**The problem:**
Only the lines from the one with "Festo 5/3 NC" to the end of the records are wanted, each repeated exactly, both ends included.

**Records for the task:**
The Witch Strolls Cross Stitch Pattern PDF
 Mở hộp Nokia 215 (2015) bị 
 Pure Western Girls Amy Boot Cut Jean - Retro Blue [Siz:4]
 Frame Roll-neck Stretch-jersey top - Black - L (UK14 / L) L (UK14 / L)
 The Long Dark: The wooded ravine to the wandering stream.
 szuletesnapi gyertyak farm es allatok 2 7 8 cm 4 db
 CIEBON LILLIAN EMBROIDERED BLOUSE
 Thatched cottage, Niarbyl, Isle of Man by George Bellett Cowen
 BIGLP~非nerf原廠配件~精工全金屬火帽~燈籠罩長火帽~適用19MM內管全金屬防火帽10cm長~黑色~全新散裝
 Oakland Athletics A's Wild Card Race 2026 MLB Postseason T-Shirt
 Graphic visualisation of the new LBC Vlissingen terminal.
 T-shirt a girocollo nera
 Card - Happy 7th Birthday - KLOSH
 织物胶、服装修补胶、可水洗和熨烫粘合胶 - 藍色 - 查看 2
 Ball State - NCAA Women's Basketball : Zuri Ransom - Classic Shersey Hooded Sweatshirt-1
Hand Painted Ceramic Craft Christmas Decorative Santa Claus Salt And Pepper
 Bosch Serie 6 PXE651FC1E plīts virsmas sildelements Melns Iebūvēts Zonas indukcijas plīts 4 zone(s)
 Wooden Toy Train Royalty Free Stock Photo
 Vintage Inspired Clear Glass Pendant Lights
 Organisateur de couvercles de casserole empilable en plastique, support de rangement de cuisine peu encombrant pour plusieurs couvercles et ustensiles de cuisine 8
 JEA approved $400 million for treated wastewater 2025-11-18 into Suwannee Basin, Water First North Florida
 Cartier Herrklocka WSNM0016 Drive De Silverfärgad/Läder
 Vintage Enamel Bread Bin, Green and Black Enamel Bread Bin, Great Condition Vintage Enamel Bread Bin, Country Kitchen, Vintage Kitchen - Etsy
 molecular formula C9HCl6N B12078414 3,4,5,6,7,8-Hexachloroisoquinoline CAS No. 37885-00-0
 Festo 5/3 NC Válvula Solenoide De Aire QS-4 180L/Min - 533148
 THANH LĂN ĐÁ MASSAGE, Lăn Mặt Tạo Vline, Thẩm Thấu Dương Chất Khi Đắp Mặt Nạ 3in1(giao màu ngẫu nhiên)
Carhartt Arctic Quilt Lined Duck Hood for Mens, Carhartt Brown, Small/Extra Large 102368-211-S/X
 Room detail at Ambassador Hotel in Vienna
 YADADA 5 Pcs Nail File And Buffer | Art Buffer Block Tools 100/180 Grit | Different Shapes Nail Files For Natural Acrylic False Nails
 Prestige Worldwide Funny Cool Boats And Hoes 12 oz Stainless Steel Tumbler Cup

**Output:**
 Festo 5/3 NC Válvula Solenoide De Aire QS-4 180L/Min - 533148
 THANH LĂN ĐÁ MASSAGE, Lăn Mặt Tạo Vline, Thẩm Thấu Dương Chất Khi Đắp Mặt Nạ 3in1(giao màu ngẫu nhiên)
Carhartt Arctic Quilt Lined Duck Hood for Mens, Carhartt Brown, Small/Extra Large 102368-211-S/X
 Room detail at Ambassador Hotel in Vienna
 YADADA 5 Pcs Nail File And Buffer | Art Buffer Block Tools 100/180 Grit | Different Shapes Nail Files For Natural Acrylic False Nails
 Prestige Worldwide Funny Cool Boats And Hoes 12 oz Stainless Steel Tumbler Cup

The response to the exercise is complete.